Was the incident of such a nature that to-day, three years after it occurred, if the officers of the law put their hands on any of the men who escaped, they must be sent to jail and sentenced to months of imprisonment for having anything to do with it. When the Public Safety Bill was going through this House I remember reading in the Press—the Press may have as usual misreported the speech—a statement by President Cosgrave that at that particular time, towards the end of 1925, I was Minister for Defence in the Republican Army, and Mr. Aiken was Chief of Staff. I do not know where President Cosgrave got his information. A number of these sensational disclosures which were made here were wrong and were founded on false information, and, possibly, this information was of the same kind. But, if the information was correct, then Deputy Aiken and myself must have had knowledge of the Mountjoy incident and have sanctioned it, and, if the incident was of such a nature that three years after the event everyone connected with it must be punished to save the prestige of the State, it is strange that Deputy Aiken and I are here if we had anything to do with it, while those who were actually engaged in it are prisoners in Mountjoy.

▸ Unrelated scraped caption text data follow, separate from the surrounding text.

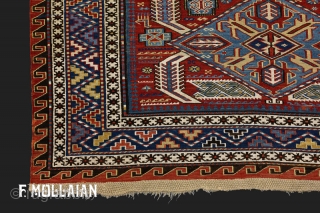 Caucasian Antique Sumak with Red Field , 19th Century

252 × 121 cm (8' 3" × 3' 11")
                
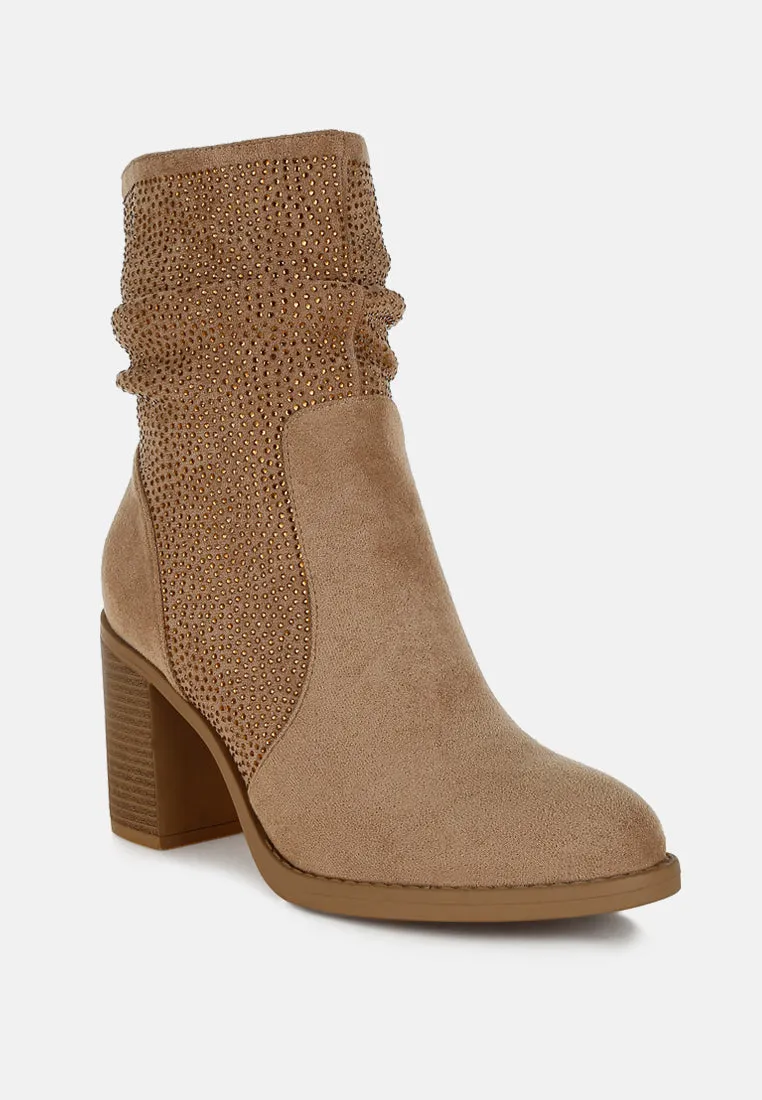 Rhinestone Studded Slouchy Ankle Boots By RAG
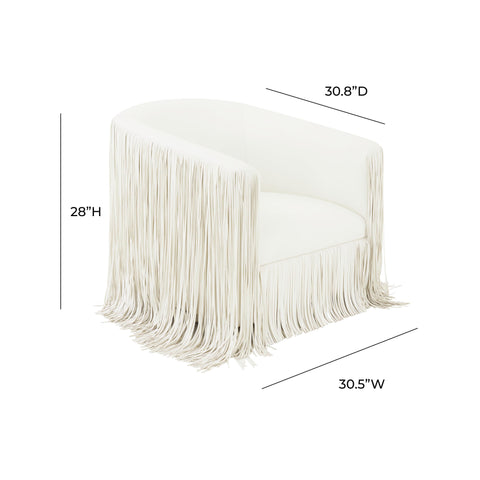 Flor Me Ivory Vegan Leather Swivel Chair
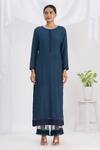 Buy_Neha Khullar_Blue Chanderi Dori Round Embroidered Kurta Pant Set _Online_at_Aza_Fashions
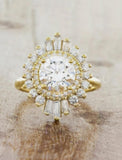 2.2ct Round Cut Moissanite Sunburst Halo Engagement Ring 14K Yellow Gold Plated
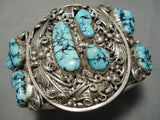 One Of Best Vintage Native American Navajo Turquoise Garden Of Leaves Sterling Silver Bracelet-Nativo Arts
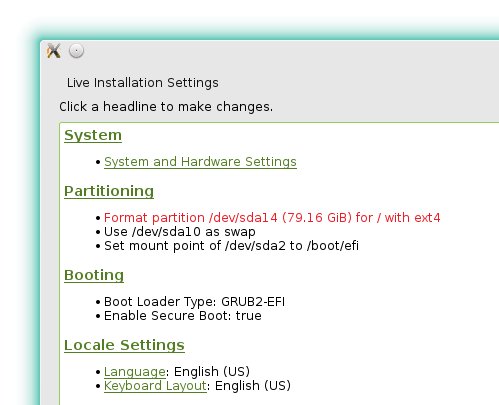 Installation summary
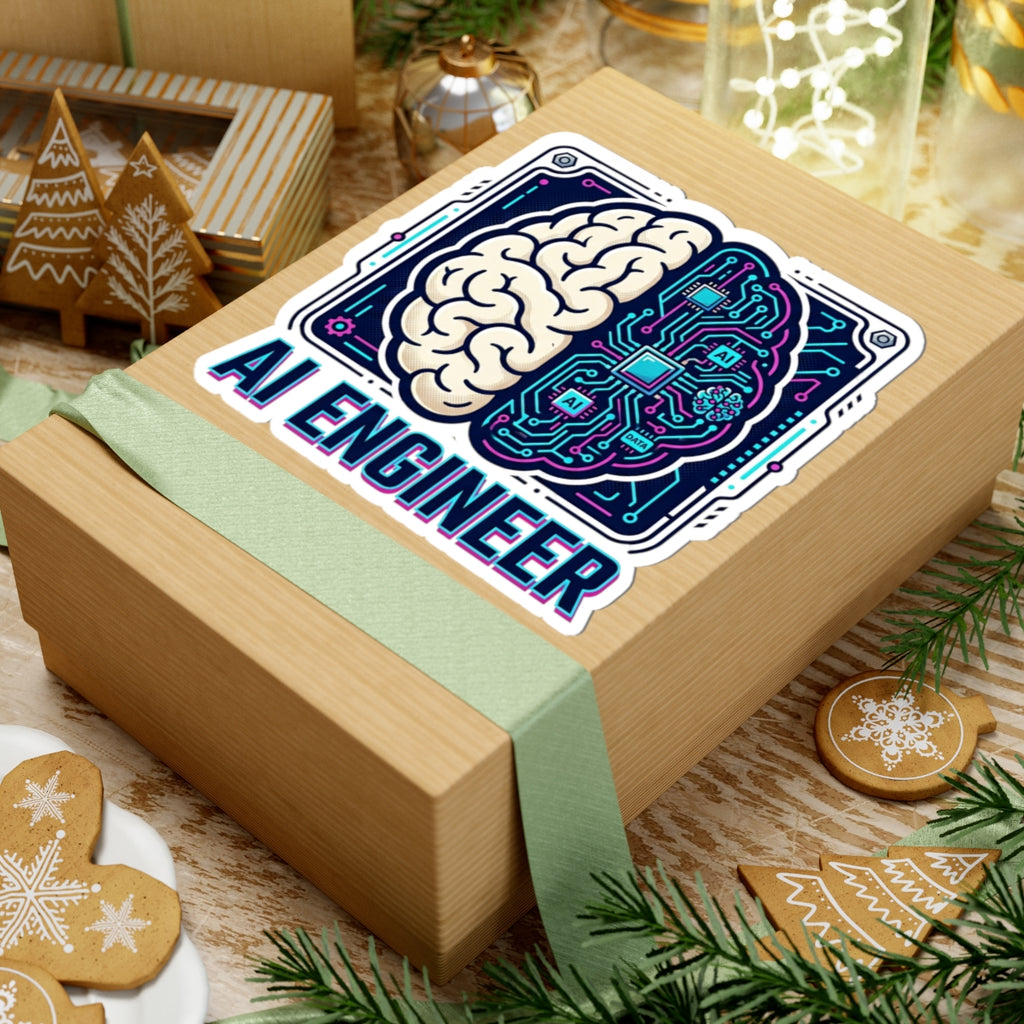 AI Engineer brain circuit Sticker | Kiss-Cut tech decal, laptop sticker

The Minister for Defence says, "hear, hear." Either it is not correct to inflict this severe punishment or else President Cosgrave's statement is not correct. I do not want to go to prison. I am not inviting the Government to arrest me and put me on trial. Surely in this year, 1928, it is possible to draw a veil over events that happened in 1925. A lot of water has flown under the Liffey bridges since then. Many developments occurred in the political life of this country since then, and the situation which now exists bears no resemblance to the situation in 1925. I think, if those on the Government Benches, who spoke of the need of co-operation and the need for unity of effort amongst all parties meant one iota of what they said they would see the advisability of that incident, at any rate, being forgotten and of those connected with it, either members of the rescue party or prisoners rescued, being allowed to return to their homes. If it is punishment you want I think that those who took part in it have been punished enough. A man cannot be three years on the run, away from his home and family, living from hand to mouth on the countryside, without meeting with considerable hardship. If it is merely a desire to punish which is animating the Government, they can rest assured that that desire has been gratified. If they want to make unity of effort possible they must remember that the men on the run are a constant source of danger to that achievement. They are desperate. They are being hunted down like madmen, like lunatics at large, preaching the gospel of desperation. They are carrying the creed of violence into the homes they visit and amongst the people they meet and finally, sooner or later, if the Government persist in their present policy that creed of violence, that spark of violence which they are fanning to flame, will burst into flame, and this country will be driven back to the position it was in a few years ago. I move the adjournment of the debate until Friday next.